WORK REQUIRED >>
Extract, exactly as written, the line that contains "Škoda Octavia 2,0" and all lines after it through the end of the records. Omit pictures.

DATA FOR REVIEW >>
- Opening Delimiter -

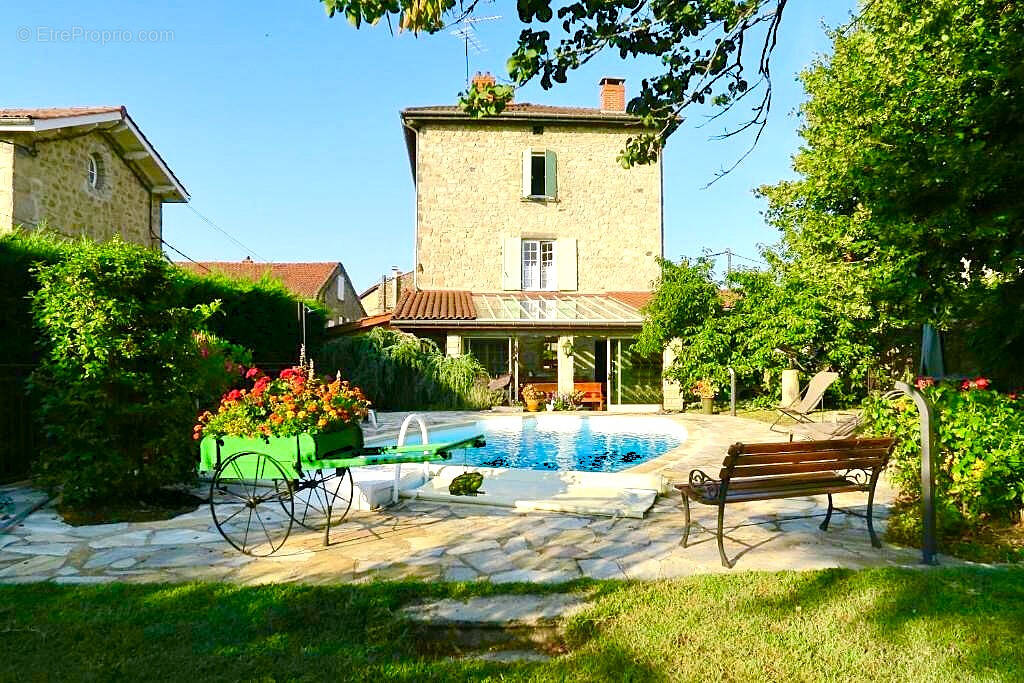 Maison à SOUCIEU-EN-JARREST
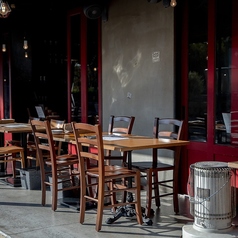 【テラス席：2～24名様】公園を目の前にお食事やドリンクが楽しめる。大手町第一公園を目の前に、外でゆったりと楽しめるテラスのテーブル席となっております。週末の昼時や夜に、じっくりと語らう場に最適です◎当店自慢の肉料理とワインを片手に、心地よいひとときをお過ごしください。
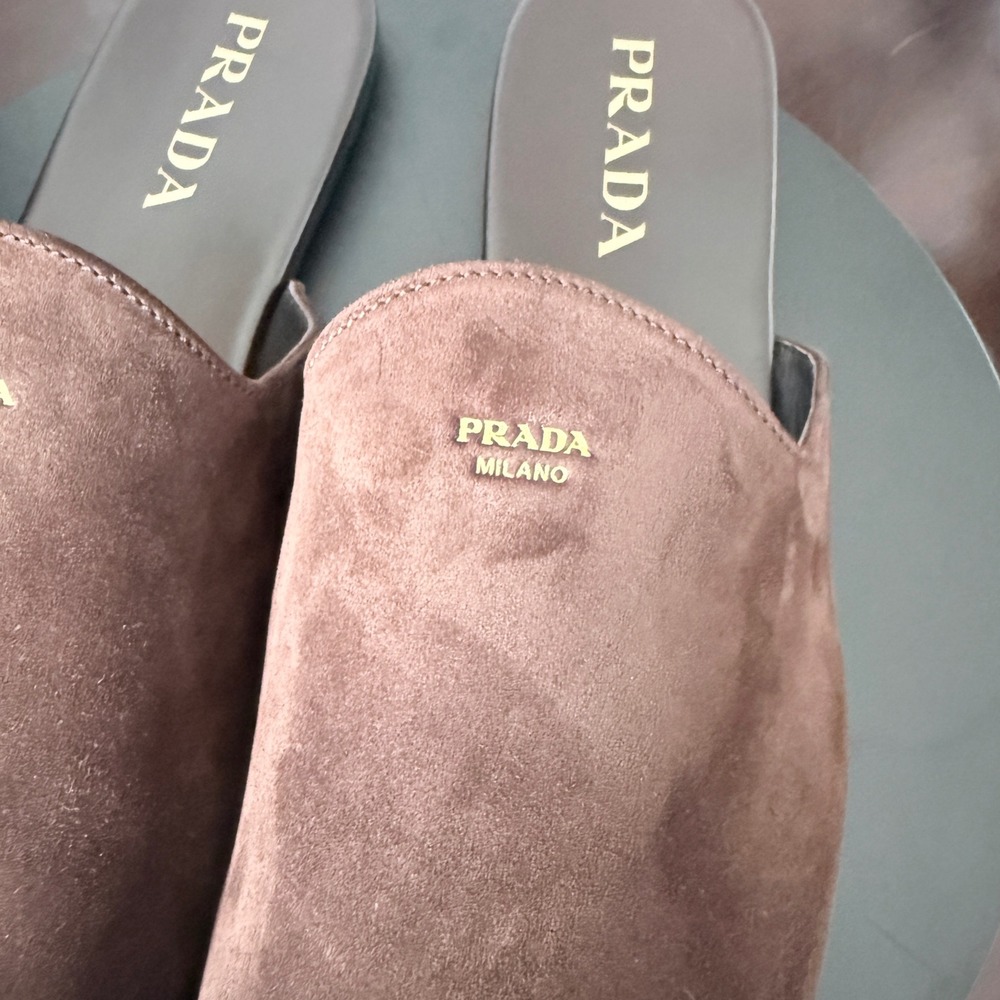 Prada 2S2986 Brown Suede Mules Gold Logo Slip On Loafers Mens Shoes 9.5 - Picture 3 of 11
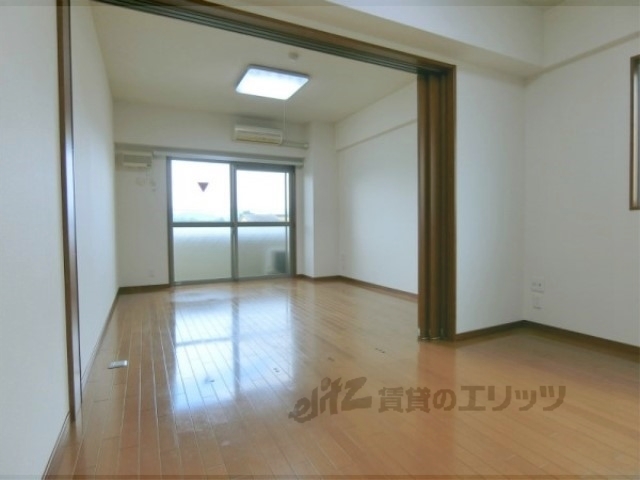 居室・リビング　洋室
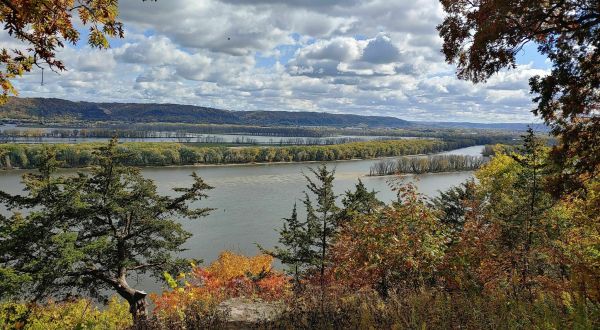 You’ll Never Get Enough Of The River Views You Find Hiking Through Effigy Mounds National Monument In Iowa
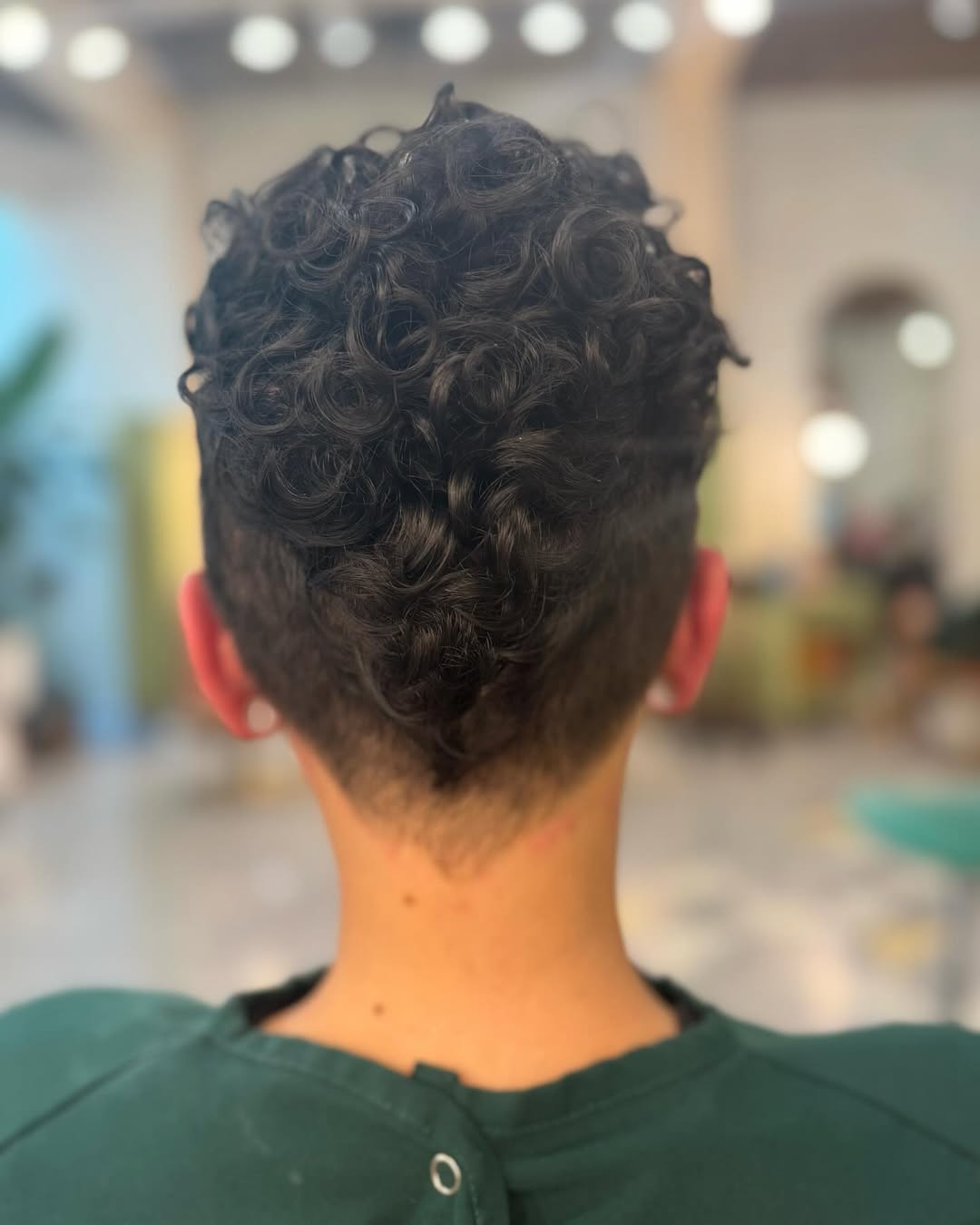 16 Curly Prom Hairstyles That Will Have You Serving Main Character Energy All Night 16 Curly Faux Hawk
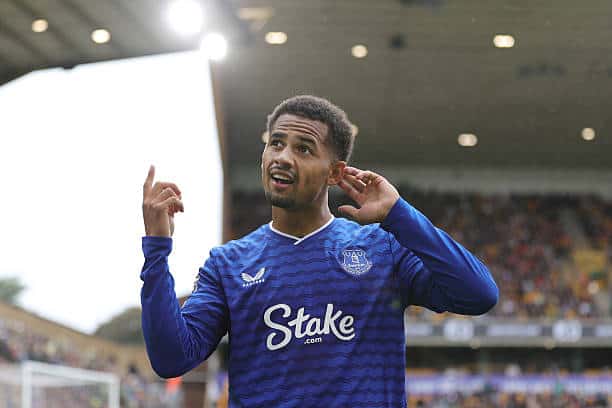 Mercato : Manchester United s’intéresserait à Iliman Ndiaye - wiwsport WOLVERHAMPTON, ENGLAND - AUGUST 30: Iliman Ndiaye of Everton celebrates after scoring their 2nd goal during the Premier League match between Wolverhampton Wanderers and Everton at Molineux on August 30, 2025 in Wolverhampton, England. (Photo by Simon Stacpoole/Offside/Offside via Getty Images)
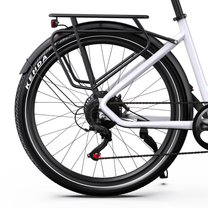 OneSport WT05, vue latérale de la roue arrière avec porte-bagages, feu arrière, garde-boue, chaîne, béquille et pneu KENDA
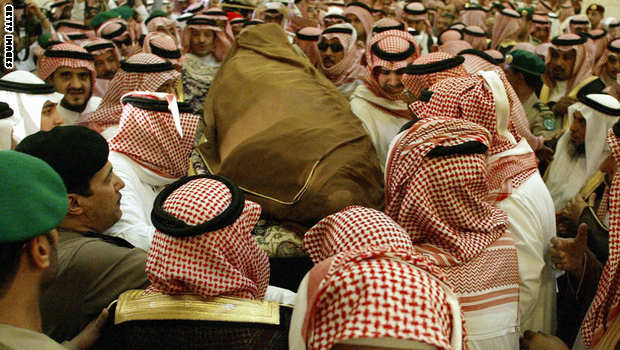 حياة عبدالله بن عبد العزيز وليا للعهد وملكا في صور 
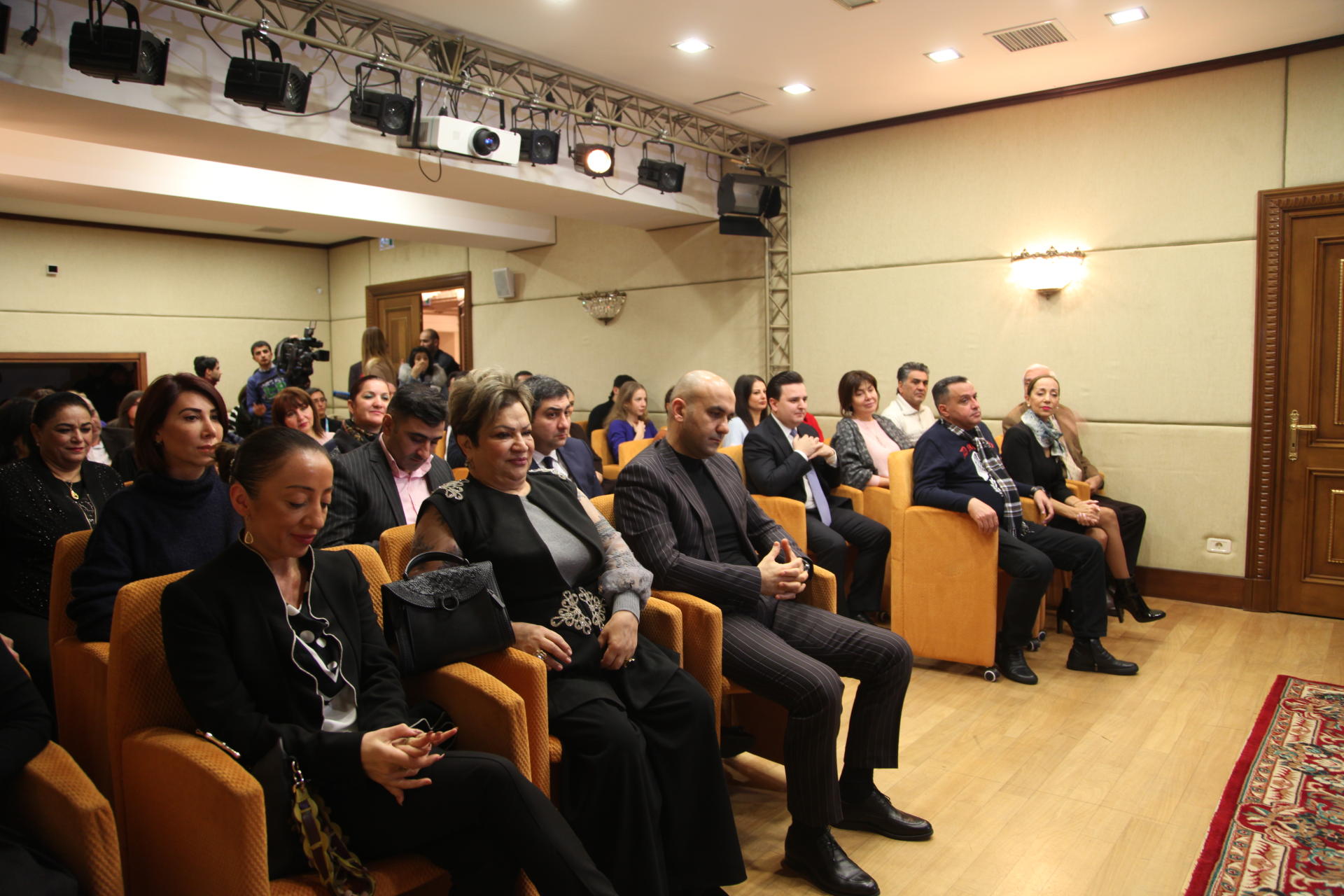 В Баку представлен музыкально-хореографический проект "Насими" (ВИДЕО, ФОТО)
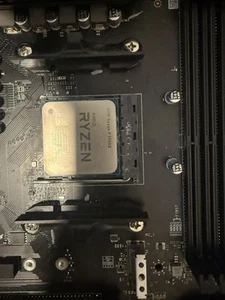 AMD Ryzen 9 5900X 12 core 24 Thread Unlocked Desktop Processor - Bild 1 von 2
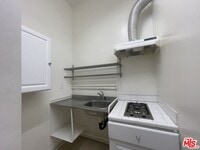 Building Photo - 2763 Fairmount Ave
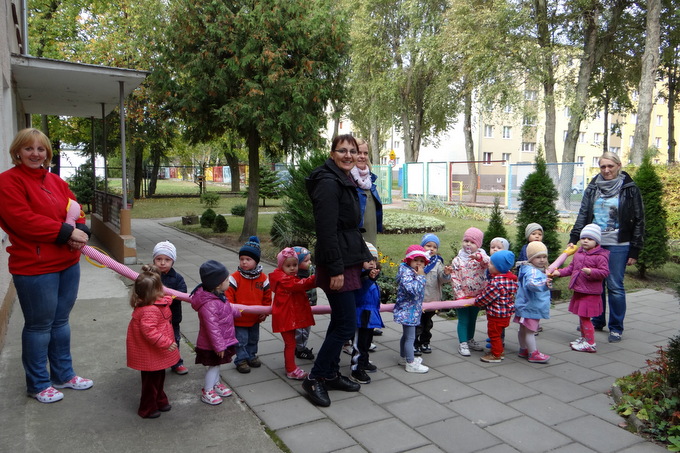 dzieci z ogromną przyjemnością chodzą na spacery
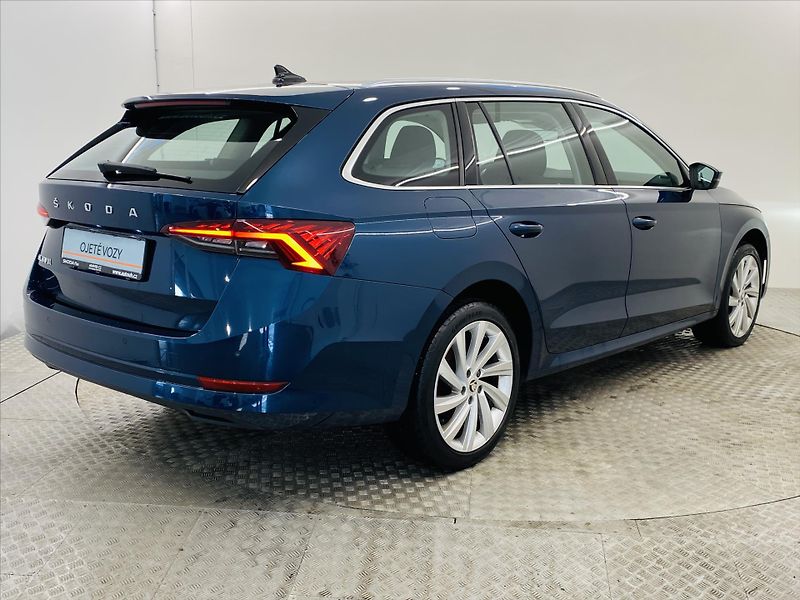 Škoda Octavia 2,0 TDI 110kW Style - fotka 2 z 28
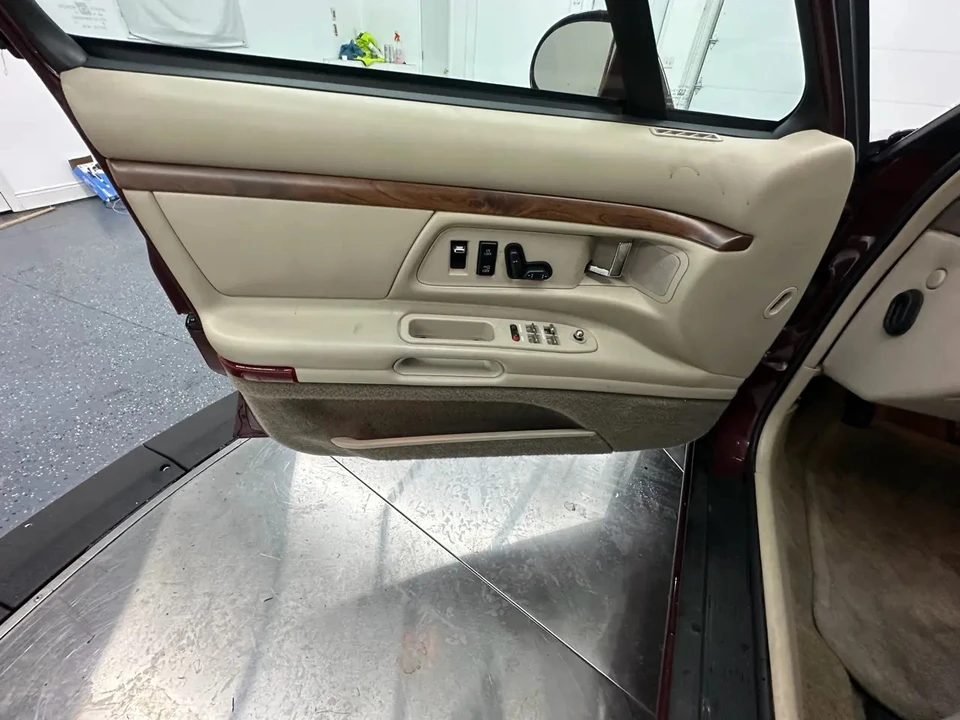 1997 Oldsmobile 88 - Image 14 of 31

- Closing Delimiter -

RESULT OF THE EXERCISE >>
 Škoda Octavia 2,0 TDI 110kW Style - fotka 2 z 28
 1997 Oldsmobile 88 - Image 14 of 31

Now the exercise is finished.